Dr. Randy Lehman [00:49:25]: How many do you do now?

Dr. Seung Gwon [00:49:26]: Probably like two to three a week. I do a lot of gallbladders. Yeah, probably like 150 a year. The last time I've opened a gallbladder was about eight years ago. So, I haven't opened one since. We have one surgeon down here who hasn't opened one in 10 years. I told you, our gallbladders down here are hard. If anyone wants to do a gallbladder fellowship, the first year is a little bit daunting. But we really learned how to not convert and yet keep it safe. Luckily, I haven't had to open. Right now, because we have the robot, I always do the gallbladders in the robot room. If it's a real mess, the first thing I'll do is put the robot on. It just gives you additional views, a better camera, and a little bit more capability. I find that there's probably one or two times where I've been like, oh, my God, I'm gonna either convert to open or I'm gonna hook up the robot. Then I was able to complete it robotically.

Dr. Randy Lehman [00:50:17]: Okay, that's good. I don't have a robot anywhere, so there's a problem with that. But I've opened three times in five years. I had one case that I thought I was going to open going into it, but then I didn't have to. That case was someone else at another place had tried to take the gallbladder out, I guess, laparoscopically, and couldn't. Couldn't find it.

Dr. Seung Gwon [00:50:39]: Oh, that's horrible.

Dr. Randy Lehman [00:50:40]: Then they told the patient, you don't have a gallbladder, and if you need it done, don't come back to me.
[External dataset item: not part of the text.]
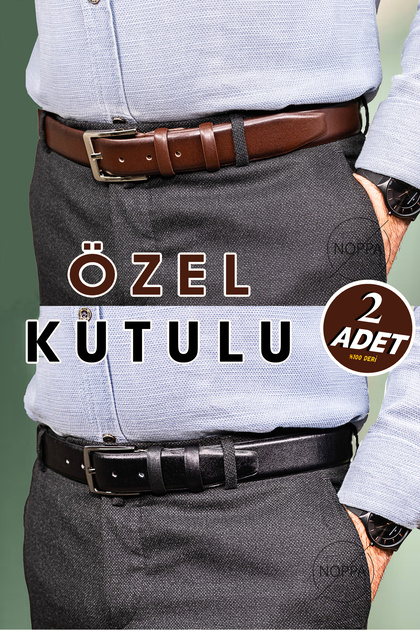 2-Pack 100% Genuine Leather Classic Men's Belts - (Brown & Black Leather Belts)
I guess that's the way it was presented to me. So, I end up taking her. I mean, I did all the scans. I did every single scan — HIDA, MRCP, ultrasound, CT scan. Everyone sees it right there. I can see on the CT where it's at. So, I just went. I figured it was covered with fatty tissue, and it was. I just went on the liver, took the fat down, found the gallbladder, and took it out. I stayed laparoscopic. It was actually not that hard. She was very happy. But the three that I opened, one was a guy who was a paraplegic in the nursing home attached to the hospital, who had been shot in the abdomen like nine times.

Dr. Seung Gwon [00:51:18]: Times.

Dr. Randy Lehman [00:51:19]: I went in laparoscopically and I actually did a cut down at Palmer's Point. It was just like a sheet of plastic in there; there was no domain at all anywhere. The bowel was almost unrecognizable. I measured on the CT the number of cuts, you know, 5 millimeter cuts, how far above the belly button it was, and how far lateral to the midline it was. I made an incision, about probably 7 or 8 centimeters, and went straight down through the layers. The gallbladder was right where the CT said it should be because it's not moving around since everything's fixed in his belly and got it out. So that one, I just kind of tried the Palmer's Point and then went straight. The other one was a patient who was an ER patient with acute cholecystitis, but it wasn't. It was actually gallbladder cancer, and it was invading into the duo. As I'm kind of dissecting, I end up getting into the duo. I opened, fixed the duo, took the gallbladder out and went from there. The third one was a patient who had Y90 radiation to the liver and then had gallstones. I explained to her it was a very high-risk scenario, but it was a total mess. Everything was terrible. Be very suspicious when you see the Y90. You're gonna have a lot of scar tissue. I ended up deciding to go open on that one and got it out. She did all right in the short term, not long term. But, you know, that was her own other diagnosis. That's the issue there. So, just things to be suspicious of, when everything's normal until it isn't. My first two cases were an appendix and a gallbladder, but one turned out to be a second different patient with gallbladder cancer. The appendix was a 9 centimeter mucous seal.

Dr. Seung Gwon [00:53:12]: Oh, my gosh.

Dr. Randy Lehman [00:53:12]: It's normal until it isn't.

Dr. Seung Gwon [00:53:14]: I thought we had crazy pathology down here. That's crazy.

Dr. Randy Lehman [00:53:18]: I don't know if it's, you know, the agriculture, pesticides, or what's going on. But, yeah.